Leave out the pictures, and print exactly the lines from the one holding "Load image into" through the last line of the material.

> **SUPPLIED MATERIAL**
*-*-*

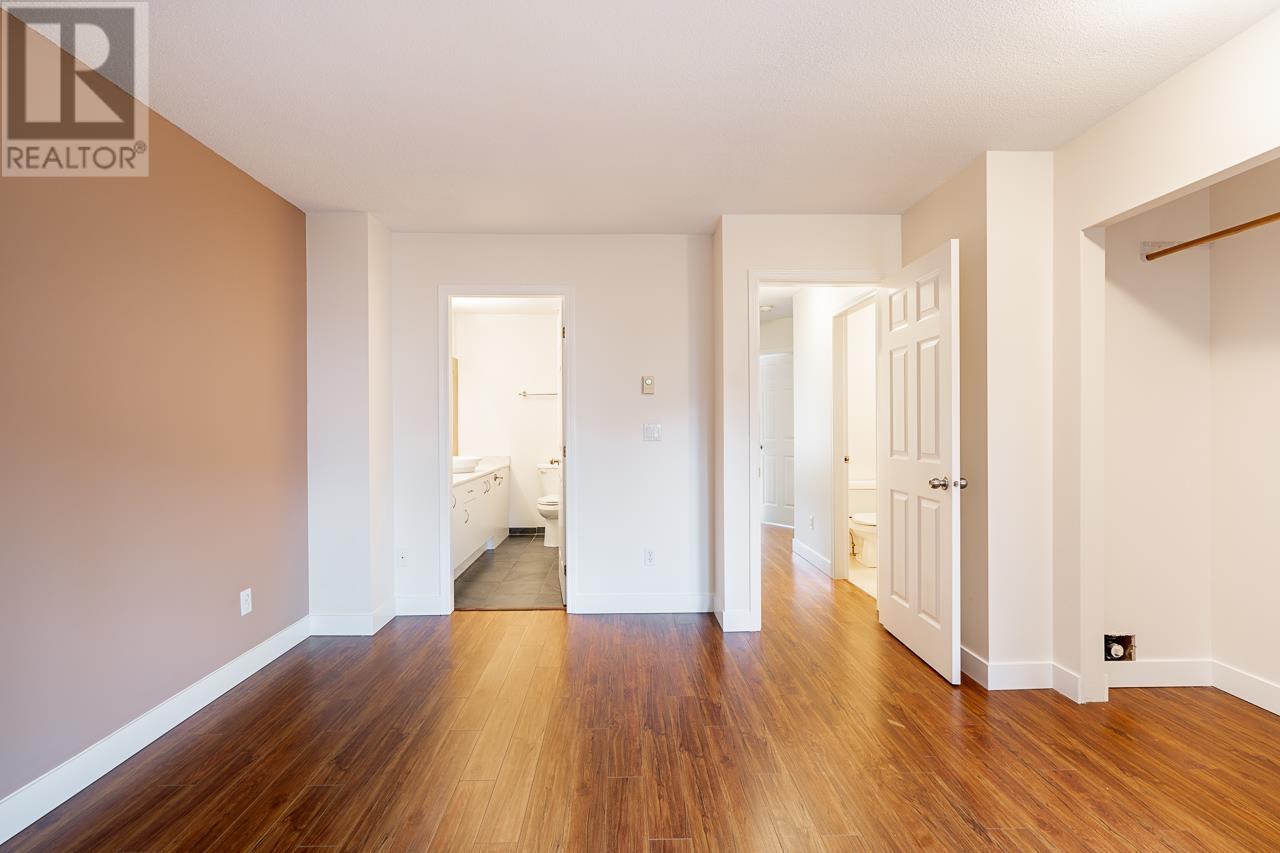 Listing Picture 18 of 33 : 71 6700 RUMBLE STREET, Burnaby / 本拿比 - 魯藝地產 Yvonne Lu Group - MLS Medallion Club Member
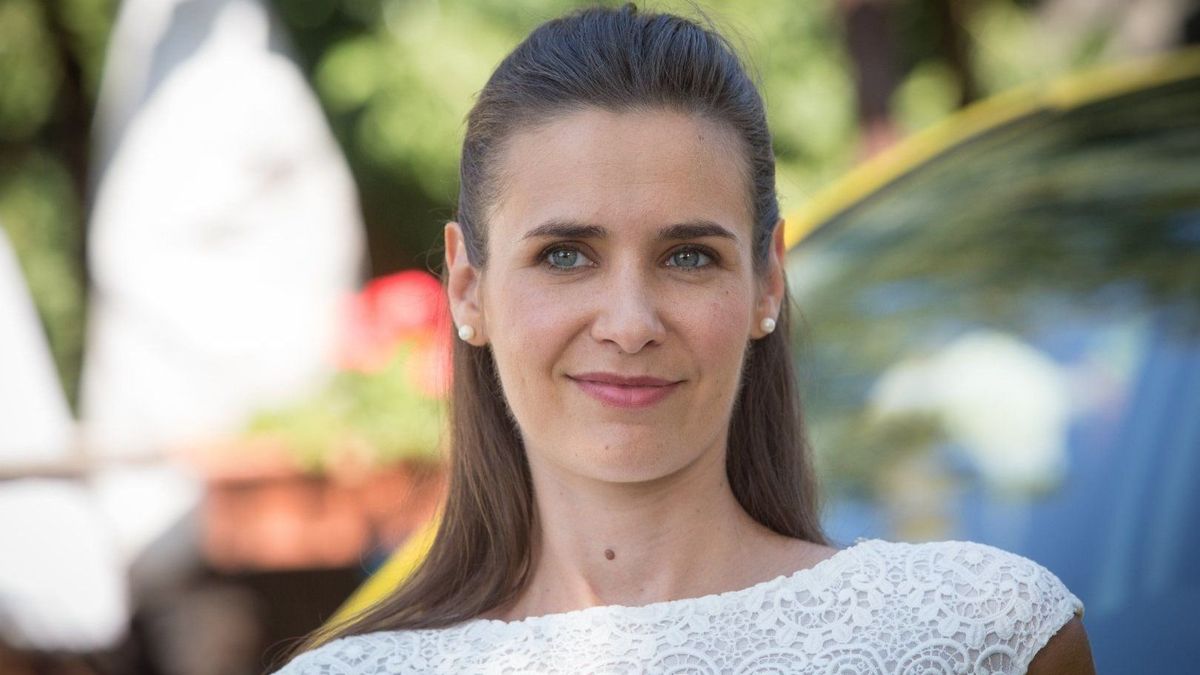 Súlyos beteg a gyönyörű színésznő, egy ritka daganat támadta meg a szervezetét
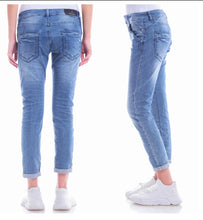 Load image into Gallery viewer, Bianco Jeans - Isabella, Mid Blue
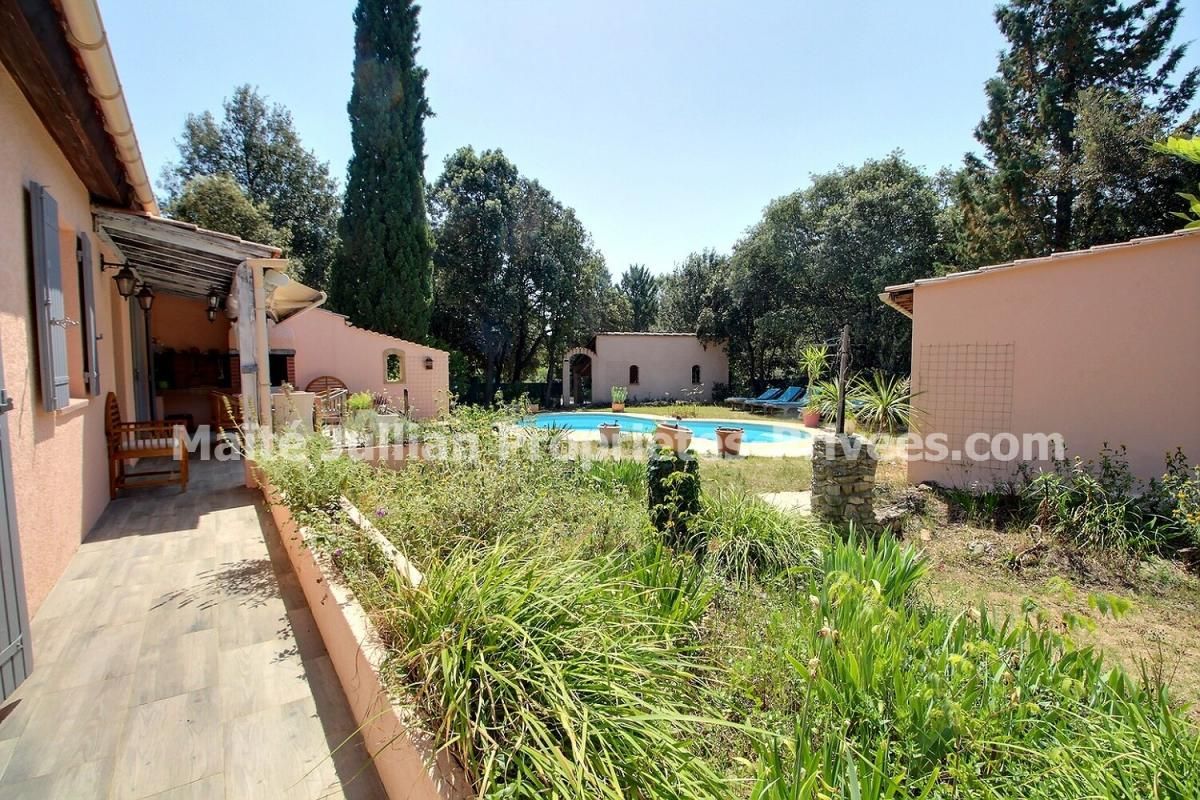 UZES Villa de plain-pied avec piscine 2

*-*-*

> **ANSWER TO THE PROBLEM**
 Load image into Gallery viewer, Bianco Jeans - Isabella, Mid Blue
 UZES Villa de plain-pied avec piscine 2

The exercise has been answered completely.